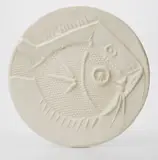 Grand Poisson (Big Fish) by Pablo Picasso, 1956, White earthenware round dish,, sold Apr 2013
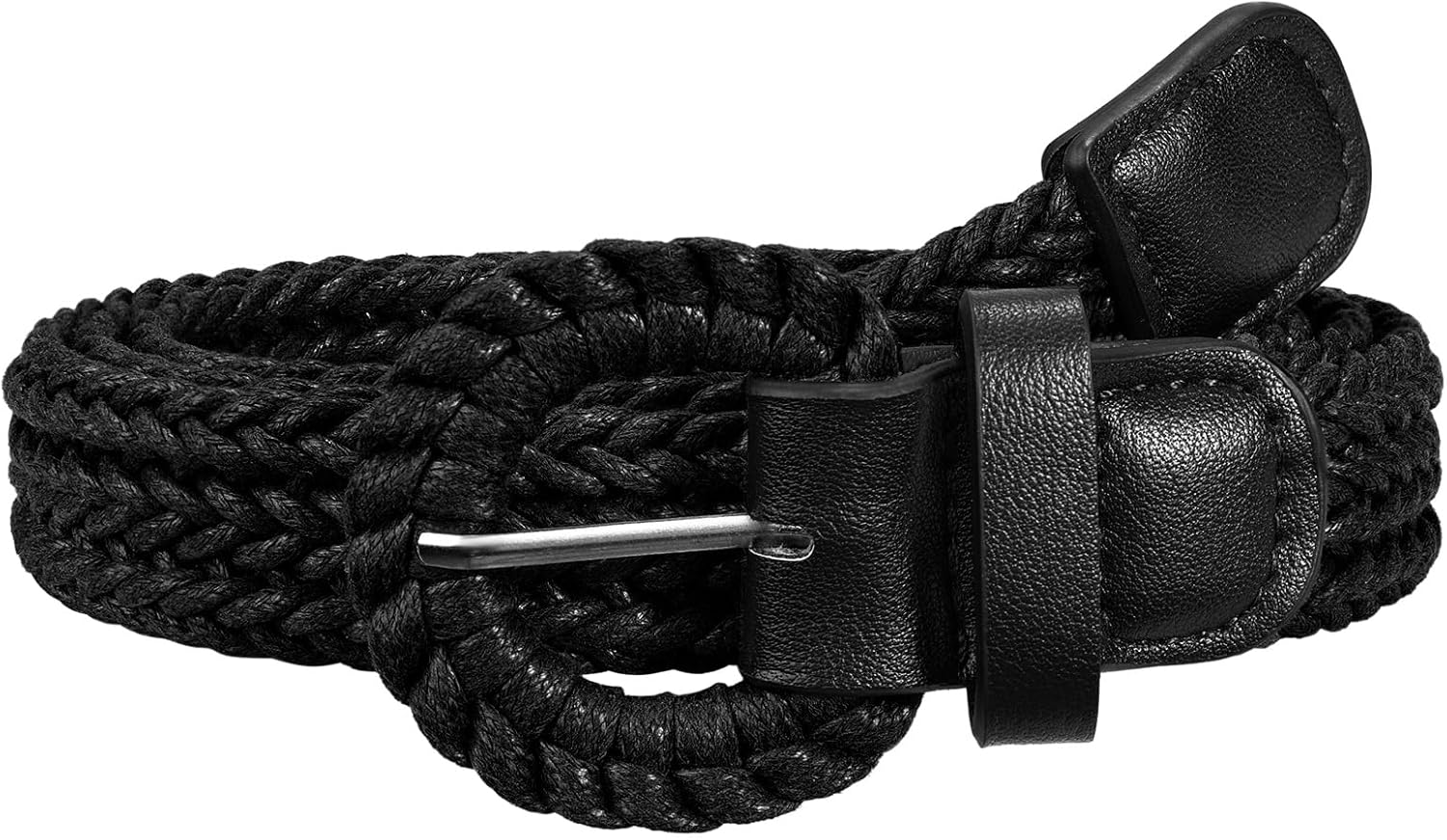 JASGOOD Women's Braided Woven Boho Belt - Skinny Waist Strap for Summer Dresses & Jeans(Width:0.9" Black)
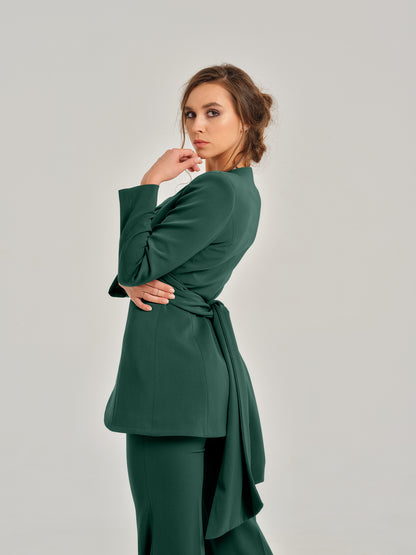 Emerald Dream Cross-Wrap Statement Suit by Tia Dorraine Women's Luxury Fashion Designer Clothing Brand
——————
Directions for this task -
Leaving out all pictures, transcribe the listing exactly.

Answer section -
 Grand Poisson (Big Fish) by Pablo Picasso, 1956, White earthenware round dish,, sold Apr 2013
 JASGOOD Women's Braided Woven Boho Belt - Skinny Waist Strap for Summer Dresses & Jeans(Width:0.9" Black)
 Emerald Dream Cross-Wrap Statement Suit by Tia Dorraine Women's Luxury Fashion Designer Clothing Brand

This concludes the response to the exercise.